“But he would withdraw to desolate places and pray.” Luke 5:16
I love my alone time. No one believes me when I tell them I am an introvert, because of my energy and interactions with people. I am an introverted person with extraverted tendencies. But if I weren’t able to be alone, reflect, and rest, I would be snappy, irritated, and less-energetic and probably make some people mad with wit and sarcasm. I love ministry, but people wear me out. My kryptonite is people who never shut up. Just being real. Often times when I am around people for an extended period of time, I check out and I can no longer be there mentally while at the same time being there physically. Don’t miss this though, I absolutely love people. I love engaging people, ministering to people, challenging people, shepherding people, and leading people towards the truth of Christ. But I must retreat…a lot. However, this retreat, moving back or withdrawing, isn’t just necessary for people who are more quiet and secluded, it’s for everyone! In fact, according to this passage in Luke 5, it was also for Jesus. Key in on that, even our Lord and Savior Jesus Christ benefited from? a retreat. But not just a retreat, a retreat alone with the Father. “But he would withdraw to desolate places and pray.”

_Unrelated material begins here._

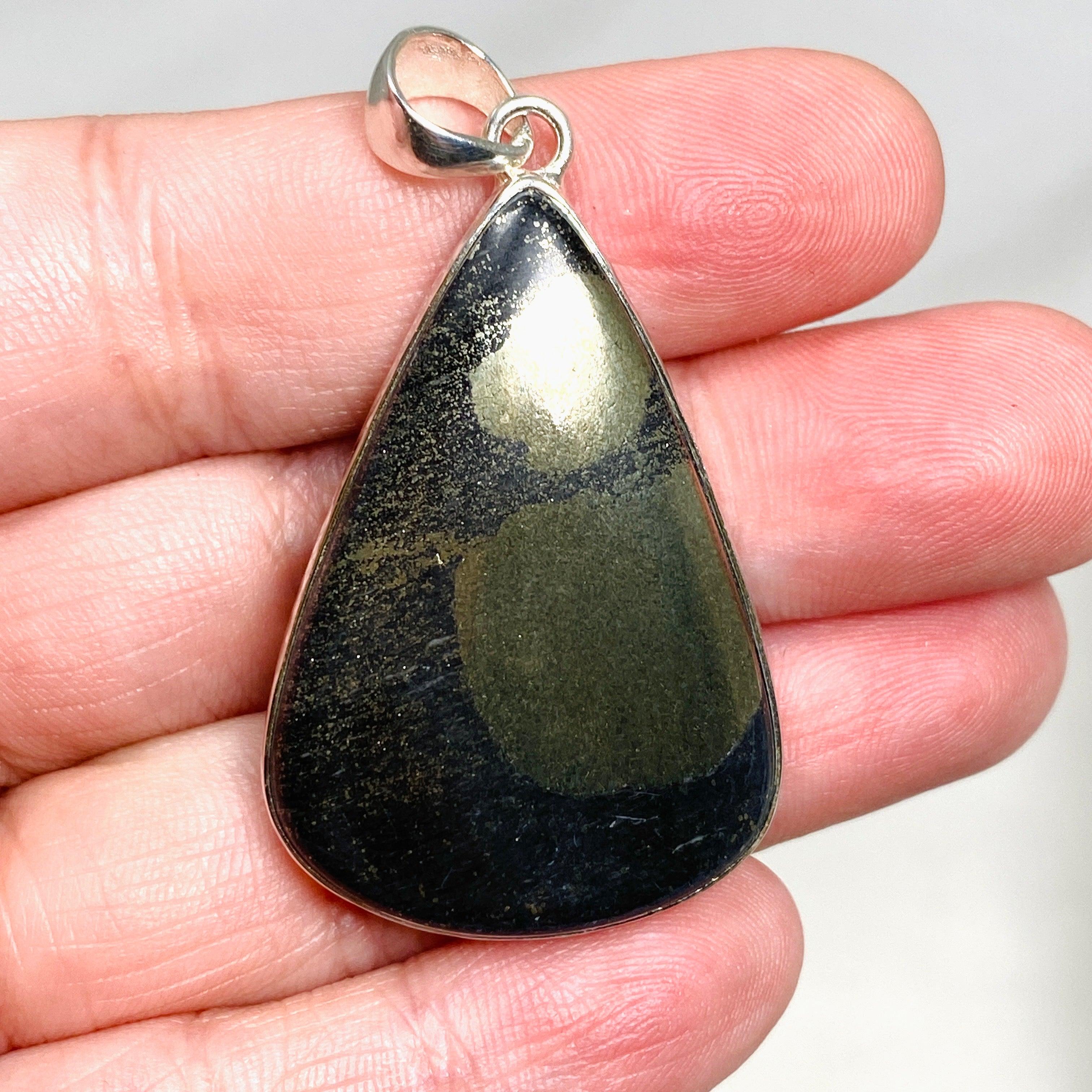 Healer's Gold Teardrop Pendant Necklace KPGJ4377 - Spiritual Jewelry for Meditation, Energy Healing & Chakra Balancing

Jesus had just gotten done showing the disciples how to snatch up fish the right way, which was another teachable moment for our scholarly disciples. Jesus healed a man with leprosy, and then crowds sought him out for their own benefit. They wanted healing. But right after this moment, the verse says Jesus withdrew to a private place to pray. These people wanted Jesus for healing, but Jesus wanted God for true spiritual rest and communion. Our Lord and Savior needed this time. If the gospel of Luke isn’t enough proof check out another gospel. Mark 1:35 says, “And rising very early in the morning, while it was still dark, he departed and went out to a desolate place and there he prayed. Or Matthew 14:23, “And after he had dismissed the crowds he went up on the mountain by himself to pray. When evening came, he was there alone.” There seems to a pattern here in Jesus’ life. Jesus retreated often! Jesus prayed fluidly to the father. Jesus in his humanity needed this time alone, as do I, as do you.

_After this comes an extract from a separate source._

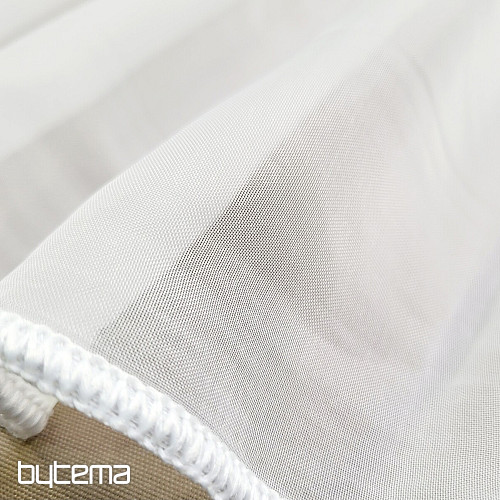 Voile-Vorhang HERMES 11 weiß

James 4:8 says, “Draw near to God and he will draw near to you…” That’s a FACT! This verse isn’t saying you have to work your way up to God or earn a spot for him to meet you. It’s saying when you approach God in your fractured state, in all humility, declaring yourself in need of time with Him and restorative action, He will indeed invade! Verse 6 before this says God gives more grace! He is a generous God who wants to know you and meet with you! I love what Charles Spurgeon says “When we discover more of our weaknesses, God gives more grace.” In our times of solitude and intimacy with Jesus, we are declaring seven things:
Delight in His goodness
Need for His grace
Joy in his presence
Repentance of your sins
Desire to hear from Him
Dependence on His power over ours
Thankfulness for Jesus’ death and resurrection
The question is, what are you doing to avoid this encounter? Why is it so hard prioritizing being in the quiet? Time for reflection and quiet is needed to really grow as a follower of Christ. Some of our greatest encounters with the Lord will be when we get alone with Him and His word. Yes, there is power and challenge through preaching, ministers, blogs, conference speakers, worship music, and community, but there is nothing like being in a desolate place, just Jesus and you. When we want God above all things, we get God above all things. I truly believe if our Lord in his humanity often retreated to get alone with God, we finite human beings in our
fractured lives absolutely need the presence of Him “who called us according to his good purpose.”
Retreat is necessary, so bask in God’s presence!